I’ve been messing around with RPG Maker and Twine for a long time, and they’re fun tools. I’ll probably talk more about the various different bits of game or interactive fiction making software I have been or will be experimenting with in another post. But, for now, here’s some snapshots of the first ever coherent and complete game (in the sense that it has a beginning and an end) I’ve ever made. Its a fairly daft conversation game, in which a skynet-type AI is bored and must be ‘entertained’ through smalltalk to prevent it destroying the world.

Currently, I don’t have any screencast or videos that work with wordpress, so screenshots will have to do. At of the time of writing, it looks like this:

Which is pretty basic-looking. But on the other hand, it feels like a pretty big deal for something I threw together myself. Speaking of which, here’s the ‘boredom meter’ I cobbled together in MS Paint, to track how close the player is to a game over.

Apart from that, all the art and music either game packaged with RPG Maker or was filched from google images, so if I ever decide to do anything professional with this I’ll have to find replacements, at least for the computer eye graphic. Which is a shame, because I like it. Reminds me of Portal and Paranoia.

This is what the game actually looks like in the editor. Weird, right? Just a bunch squares. But that’s because this software is designed for grid-based RPGs. What you’re looking at is a grid, normally filled with tiles that make up a level of the game, with the transparent squares being ‘events’ that sit ontop of them. Normally these are the active or interactible parts of the game, like characters, doors, treasure chests, whatever. But I’m using this software to make more of a visual-novel type game, using almost exclusively the dialogue functionality, so I don’t need any of that. I just want units of conversation, organised in a way that helps me visualise the path of the game.

And this is what the actual code looks like.
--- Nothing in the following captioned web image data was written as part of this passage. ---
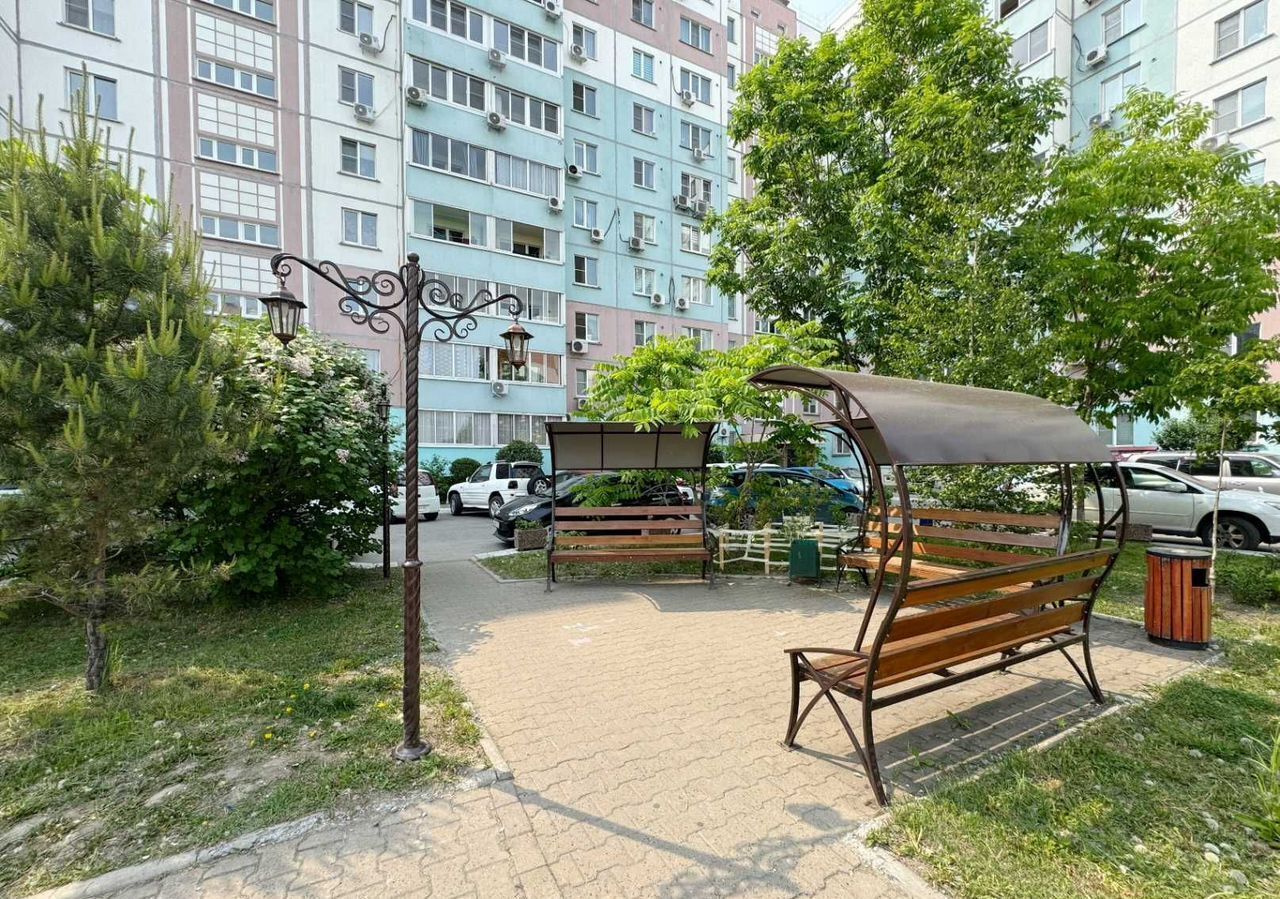 квартира г Хабаровск р-н Индустриальный ул Краснореченская 161а фото 25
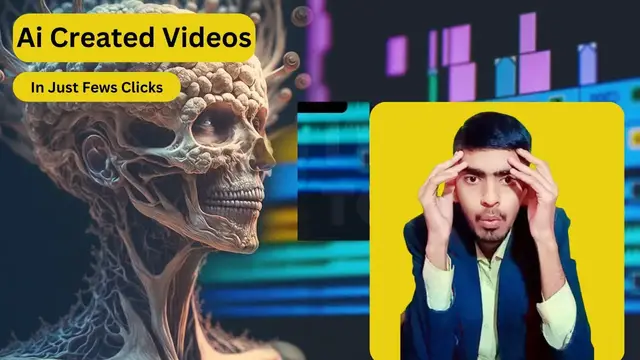 Video thumbnail for How to Create Video using Ai (Artificial Intelligence) only few clicks 😲😲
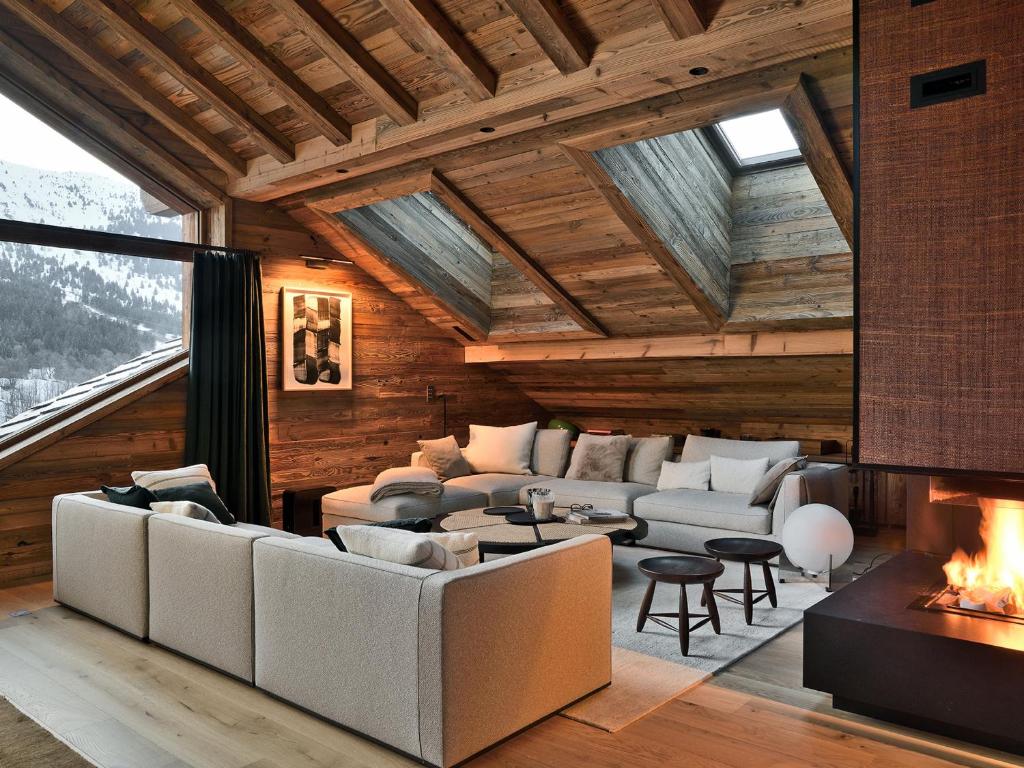 Penthouse duplex de luxe avec services inclus - 5 chambres - FR-1-613-121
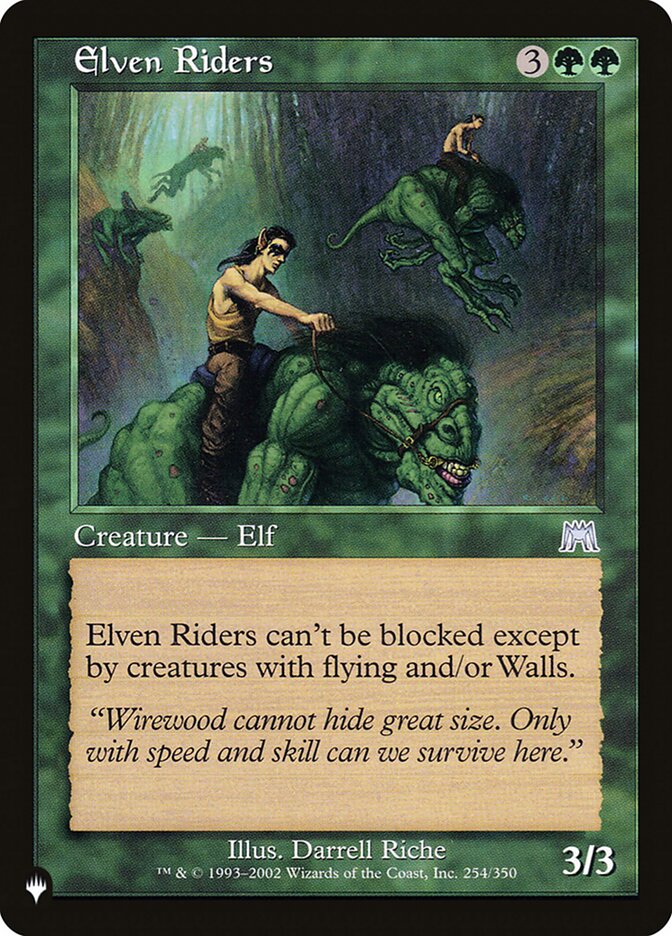 image Elven Riders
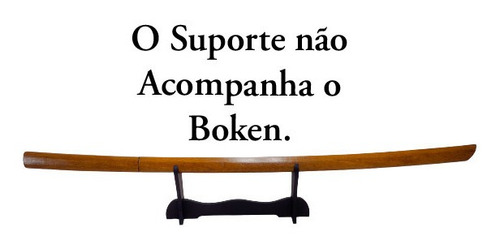 Boken Bokuto Espada Madeira P/treino Kenjutsu Aikido Samurai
Well, its probably misleading to call it ‘code’. Its way more abstracted and simplified than that, presented in a very ‘natural language’ kind of way for less computer-savvy people like me to understand. RPG Maker does allow you to go into the code and edit it, and if I want to do anything more ambitious with the software that’s something I’ll have to learn. But for now, this does the job.

The left block represents one of the choices in the game, where the ‘Computer’ offers the player a choice of music for the last part of the game (which triggers when the ‘boredom’ variable reaches a certain level). The right block represents a linear section (the player gets no choices), but one that is influenced by the choices they’ve made so far (more specifically, by the impact those choices have made on the ‘boredom’ variable): the characters \V[****] prompt the game to print the value for that specific variable, and the conditional branches at the bottom determine which version of the ‘boredom meter’ to display (i.e. how full).

I also ended up using the characters \| and \. quite a lot in the game. When printing text (in this case, dialogue), these prompt the game to pause for 1/4 of a second and a second respectively, and I used these to try to make the in-game dialogue reflect realistic speech patterns and make it a bit more engaging to read. For example, when the Computer says something in inverted commas to indicate skepticism, I added a tiny pause before and after that work in an effort to reflect how it might actually be said. A minor feature, but it was interesting to play around with.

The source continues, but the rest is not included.